Lives of Girls and Women (36 page)

I know it. Because I think my own problems—all my own problems since my young days—are related to undernourishment. From studying so hard and not replenishing the brain. Of course I did not have a first-rate brain to begin with, I never claimed that.”

I kept watching him attentively so he would not ask me again if he was boring me. He wore a soft, well pressed yellow sport shirt, open at the neck. His skin was pink. He did resemble, distantly, Caroline's brother that I had made him into. I could smell his shaving lotion. Odd to think that he shaved, that he had hair on his face like other men, and a penis in his pants. I imagined it curled up on itself, damp and tender. He smiled at me sweetly, reasonably talking; could he read what I was thinking? There must be some secret to madness, some
gift
about it, something I didn't know.

He was telling me how rats, even, refused to eat white flour, because of the bleach, the chemicals that were in it. I nodded, and past his head saw Mr. Fouks come out the back door of the
Herald-Advance
building, empty a wastebasket into an incinerator,
and plod back in. That back wall had no windows in it; it had certain stains, chipped bricks, a long crack running down diagonally, starting a bit before the middle and ending up at the bottom corner next to the Chainway store.
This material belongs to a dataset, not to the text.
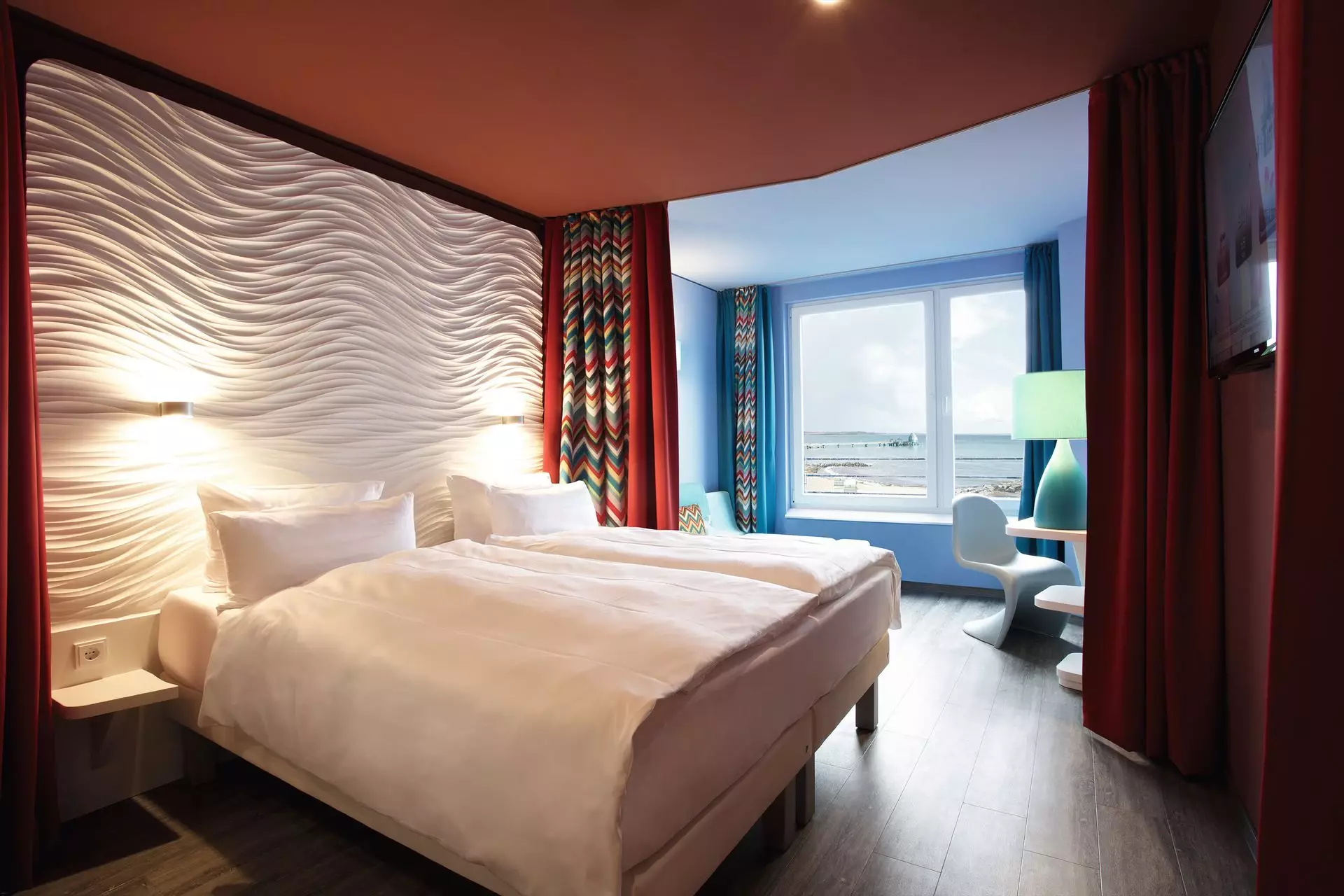 Ein mit weißer Bettwäsche bezogenes Doppelbett steht vor einer weißen Rückwand mit Struktur. Umrahmt von einer dunkelroten Wand und einem rot-gemusterten Vorhang steht das Bett in einem Raum mit rostroter Decke und dunklem Holzboden. Im Hintergrund ist ein von blauen Wänden umrahmtes Fenster mit Blick auf die Ostsee zu erkennen.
At ten o'clock the banks would open, the Canadian Bank of Commerce and the Dominion Bank across the street. At twelve-thirty, a bus would go through the town, southbound from Owen Sound to London. If anybody wanted to get on it there would be a flag out in front of Haines's Restaurant.
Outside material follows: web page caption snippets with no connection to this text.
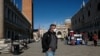 A man wearing a protective mask walks through an empty Saint Mark's Square in Venice as Italy battles a coronavirus outbreak, Venice, Feb. 27, 2020.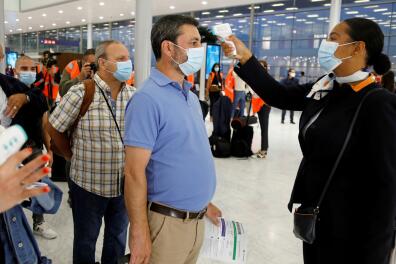 A stewardess takes the body temperature of a man before boarding a plane at Paris-Orly Airport on its re-opening day following the coronavirus disease (COVID-19) outbreak in France, June 26, 2020. REUTERS/Charles Platiau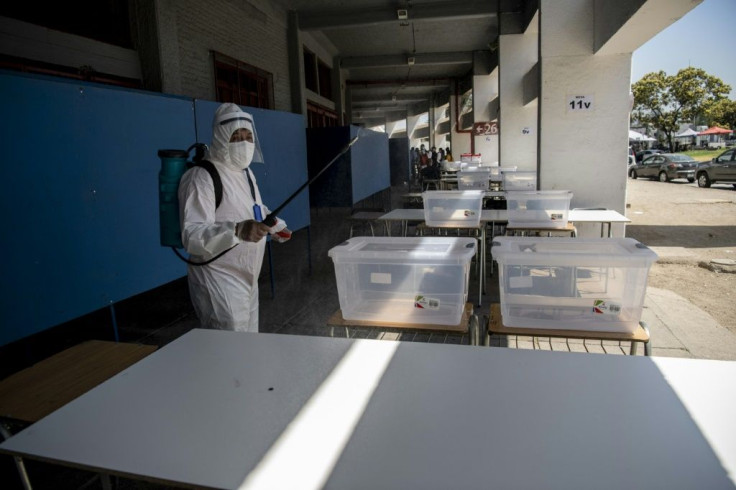 A worker disinfects a polling station in Santiago on the eve of Chile's constitutional referendum, which is being held as the country battles the coronavirus epidemic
Bobby Sherriff talked about rats and white flour. His sister's photographed face hung in the hall of the high school, close to the persistent hiss of the drinking fountain. Her face was stubborn, unrevealing, lowered so that shadows had settled in her eyes. People's lives, in Jubilee as elsewhere, were dull, simple, amazing and unfathomable—deep caves paved with kitchen linoleum.

It did not occur to me then that one day I would be so greedy for Jubilee. Voracious and misguided as Uncle Craig out at Jenkin's Bend, writing his History, I would want to write things down.

I would try to make lists. A list of all the stores and businesses going up and down the main street and who owned them, a list of family names, names on the tombstones in the Cemetery and any inscriptions underneath. A list of the titles of movies that played at the Lyceum Theatre from 1938 to 1950, roughly speaking. Names on the Cenotaph (more for the first World War than for the second). Names of the streets and the pattern they lay in.

The hope of accuracy we bring to such tasks is crazy, heartbreaking. And no list could hold what I wanted, for what I wanted was every

last thing, every layer of speech and thought, stroke of light on bark or walls, every smell, pothole, pain, crack, delusion, held still and held together—radiant, everlasting.

At present I did not look much at this town.

Bobby Sherriff spoke to me wistfully, relieving me of my fork, napkin and empty plate.

“Believe me,” he said, “I wish you luck in your life.”

Then he did the only special thing he ever did for me. With those things in his hands, he rose on his toes like a dancer, like a plump
ballerina. This action, accompanied by his delicate smile, appeared to be a joke not shared with me so much as displayed for me, and it seemed also to have a concise meaning, a stylized meaning—to be a letter, or a whole word, in an alphabet I did not know.

People's wishes, and their other offerings, were what I took then naturally, a bit distractedly, as if they were never anything more than my due.

“Yes,” I said, instead of thank you.